By default, {cmd:strata()} and {cmd:cluster()} are also passed as options to {it:pgmname} if they were specified. 
As an example, suppose you have a program that accepts a custom string option, shuffles multiple permuted variables, and supports stratification and clustering. 
Specify your command and your custom option with the code {cmd:permuteprogram(myprogram, option1("myoption"))}.
In your program, parse the inputs using the {help syntax:syntax} command:

{p 12 12 2} {cmd:. syntax varlist [, strata(varname) cluster(varname) option1(string)]}

{p 4 8 2}
{cmd:force} allows the user to include a model with clustered standard errors without also specifying the {cmd:cluster()} bootstrap option,
and to permute variables with missing values.

{p 4 8 2}
{cmdab:single:step} computes the single-step adjusted {it:p}-value in addition to the step-down value. Resampling-based single-step methods often control type III (sign) error rates. Whether their
step-down counterparts also control the type III error rate is unknown (Westfall and Young 1993, p. 51).

{p 4 8 2}
{cmd:detail} produces sample size statistics for the bootstrap/permutation samples.

{p 4 8 2}
{cmd:noresampling} computes only the Bonferroni-Holm and Sidak-Holm adjusted {it:p}-values (very fast).

{p 4 8 2}
{cmd:familypexp} indicates that you are providing {cmd:familyp(}{help exp:exp}{cmd:)} instead of {cmd:familyp(}{help varlist:varlist}{cmd:)} when employing Syntax 1, where {help exp:exp} specifies a coefficient or combination of coefficients.
{help exp:exp} follows the syntax of {help lincom:lincom} and {help nlcom:nlcom} and must not contain an equal sign.
If employing Syntax 2, then {cmd:familypexp} indicates that 
you are providing {cmd:familyp("}{it:exp1}{cmd:"} [{cmd:"}{it:exp2}{cmd:"} ...]{cmd:)} instead of {cmd:familyp("}{it:varname1}{cmd:"} [{cmd:"}{it:varname2}{cmd:"} ...]{cmd:)}.
Specifying {cmd:familypexp} increases the set of possible hypothesis tests, but may cause {cmd:wyoung} to produce less helpful error messages when you make a syntax mistake.

{p 4 8 2}
{cmd:replace} replaces data in memory with {cmd:wyoung} results.


{title:Description}

{p 4 4 2}{cmd:wyoung} controls the family-wise error rate using the free step-down resampling methodology of Westfall and Young (1993). 
This method leverages resampling techniques, such as bootstrapping (sampling with replacement) or permutation (shuffling), to adjust the standard {it:p}-values obtained from model estimation. 
It also computes the Bonferroni-Holm and Sidak-Holm adjusted {it:p}-values.

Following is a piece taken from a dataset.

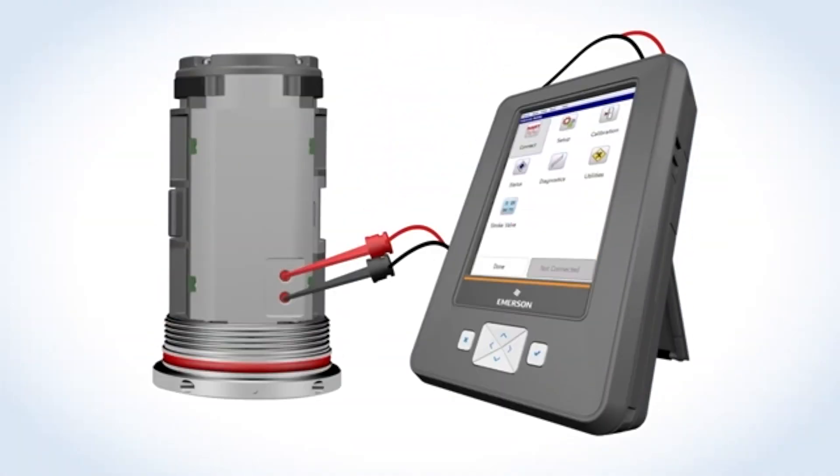If at any time you lose wireless connectivity, you can connect directly to the monitor in the field for troubleshooting or configuration adjustments using the AMS Trex device communicator. This direct connection capability is unique to the AMS Wireless Vibration Monitor.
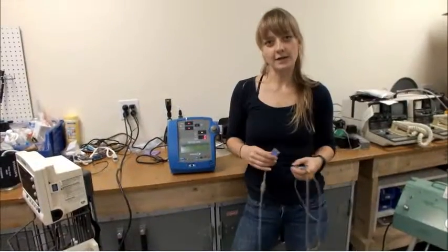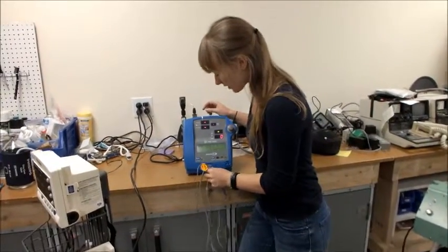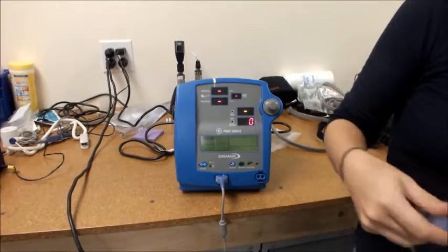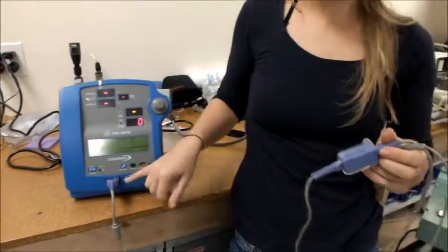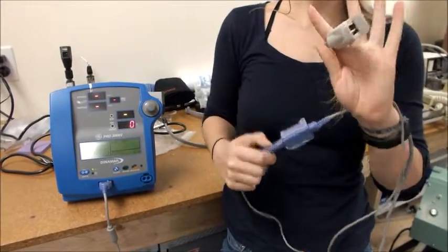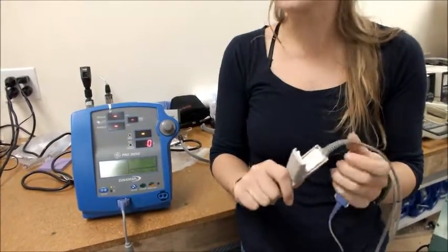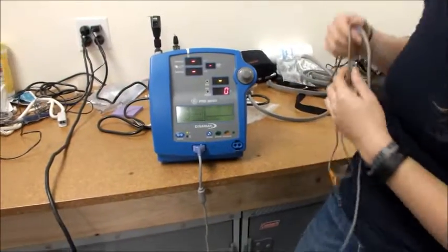Now that we've located all of our different connections, we can attach them to the machine. The SpO2 will click in like that, and as you can see, I have the cord, the connection, and the probe. The probe has a red light on the inside, which means that this connection is working and we can use it to test the machine.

{p 4 4 2}The family-wise error rate (FWER) is the probability of rejecting at least one true null hypothesis---commonly referred to as making "false discovery"---within a "family" of hypotheses. 
A procedure is said to provide {it:strong control} of the FWER if it maintains the error rate at or below a specified level regardless of how many of the hypotheses are true. 
In contrast, {it:weak control} of the FWER applies only under the assumption that all hypotheses are true, i.e., when the complete null hypothesis holds.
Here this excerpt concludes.